Were it not for Grace: Part Four

 

Although I am focusing these days on the teaching of Paul, I realize I must keep in tension the teaching of James (emphasizing works/obedience) and John (emphasizing love) as well as the other writers of the bible. If I’m to understand what the Bible teaches, it’s best to study it within the context of the passage, the chapter, the book, the author, and the whole.  But with that said, in light of my present study, I can’t help but stand amazed at grace. I say with John Newton “I am a great sinner, but Christ is a great Savior!” Preaching the gospel of grace to myself everyday reminds me to extend that grace to others everyday. I think that’s why Paul was consumed with sharing the gospel of grace. It’s why he poured his heart out in his letters for the church to extend grace to one another inside the church and to proclaim grace to those without Christ who were outside the church.

Paul reminded us of how to live out grace in every situation we encounter …

Quoting those who considered themselves mature spiritually because they were intellectuals (“we all have knowledge”), he wanted us to fully understand that knowledge can give us a false sense of maturity (“puff up”). But it is the demonstration of grace in love that truly builds up and indeed displays spiritual maturity. “If someone thinks he knows something, he does not yet know to the degree that he needs to know. But if someone loves God, he is known by God. For us there is one God, the Father, from Whom are all things and for Whom we live, and one Lord, Jesus Christ, through Whom are all things and through Whom we live.”

Paul loved people so much, he did whatever it took for them to know the Jesus he knew and experience the grace he had experienced.

Since I am free from all, I can make myself a slave to all, in order to gain even more people… I have become all things to all people, so that by all means I may save some.
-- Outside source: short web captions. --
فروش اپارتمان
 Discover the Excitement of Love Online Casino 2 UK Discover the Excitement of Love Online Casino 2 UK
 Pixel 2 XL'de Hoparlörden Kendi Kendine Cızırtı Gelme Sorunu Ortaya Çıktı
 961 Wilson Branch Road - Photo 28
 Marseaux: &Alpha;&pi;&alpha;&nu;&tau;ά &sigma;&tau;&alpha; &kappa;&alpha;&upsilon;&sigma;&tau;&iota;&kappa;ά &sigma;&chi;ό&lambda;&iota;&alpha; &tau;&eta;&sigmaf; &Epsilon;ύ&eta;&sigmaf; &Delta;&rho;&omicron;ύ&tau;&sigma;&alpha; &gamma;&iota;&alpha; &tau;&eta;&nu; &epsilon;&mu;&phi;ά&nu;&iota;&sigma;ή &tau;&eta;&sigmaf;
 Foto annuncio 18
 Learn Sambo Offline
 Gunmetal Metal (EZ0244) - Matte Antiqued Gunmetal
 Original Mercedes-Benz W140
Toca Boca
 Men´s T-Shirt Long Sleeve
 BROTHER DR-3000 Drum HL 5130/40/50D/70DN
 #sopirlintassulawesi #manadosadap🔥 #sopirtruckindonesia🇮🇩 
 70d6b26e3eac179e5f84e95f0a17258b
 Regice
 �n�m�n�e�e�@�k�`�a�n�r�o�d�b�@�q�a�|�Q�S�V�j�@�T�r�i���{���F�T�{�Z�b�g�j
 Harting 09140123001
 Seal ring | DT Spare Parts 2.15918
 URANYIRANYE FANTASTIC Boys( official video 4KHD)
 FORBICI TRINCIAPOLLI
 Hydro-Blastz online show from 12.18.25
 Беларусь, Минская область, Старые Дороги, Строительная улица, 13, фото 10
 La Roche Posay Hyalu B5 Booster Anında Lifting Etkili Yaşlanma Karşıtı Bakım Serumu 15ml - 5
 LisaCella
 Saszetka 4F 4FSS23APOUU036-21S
I do all these things because of the gospel, so that I can be a participant in it.”
Through his letters, Paul expresses the overflowing joy he feels due to his own personal experience of being drenched in grace and peace. His deepest desire is for everyone everywhere to know this joy and peace … “God demonstrates His own love for us, in that while we were still sinners, Christ died for us. Now the law came in so that the transgression may increase, but where sin increased, grace multiplied all the more … just as sin reigned in death, so also grace will reign through righteousness to eternal life through Jesus Christ our Lord … we have been declared righteous by faith, we have peace with God through our Lord Jesus Christ, through whom we have also obtained access by faith into this grace in which we stand,
and we rejoice in the hope of God’s glory
.”

As I study his teaching, I sense Paul’s struggle to communicate clearly the truths we must hold in tension! Knowing that people would be tempted to misuse grace as an excuse to do what they felt like doing instead of practicing obedience, he shares with us that even with our spiritual freedom (“everything is lawful”) comes an awareness of others’ weaknesses and needs. His desire to reach everyone with the grace he’d experienced (by becoming all things to them) did not mean to him that everything was actually beneficial to them nor does he think that everything we may feel free to do builds others up. So to make sure we truly understand how to live in grace and live out grace, he puts it simply: Do not seek your own good, but the good of the other person. Do not give offense to anyone, but try to please everyone in all things. And the reason he said to do it this way? Again he stressed the reason he did everything he did: “I do not seek my own benefit, but the benefit of many, so that they may be saved.”

Clearly I have misunderstood biblical grace if I believe it to be some sort of justification to let selfishness and sin reign in my life. If I have truly experienced grace – the amazing kind – then I’ll care about the souls of people and I’ll do everything I possibly can to help them experience it. Maturity in Christ is just this: living selflessly for the sake of the salvation of the world.

Oh, to be absolutely convinced that to live is Christ and to die is gain!!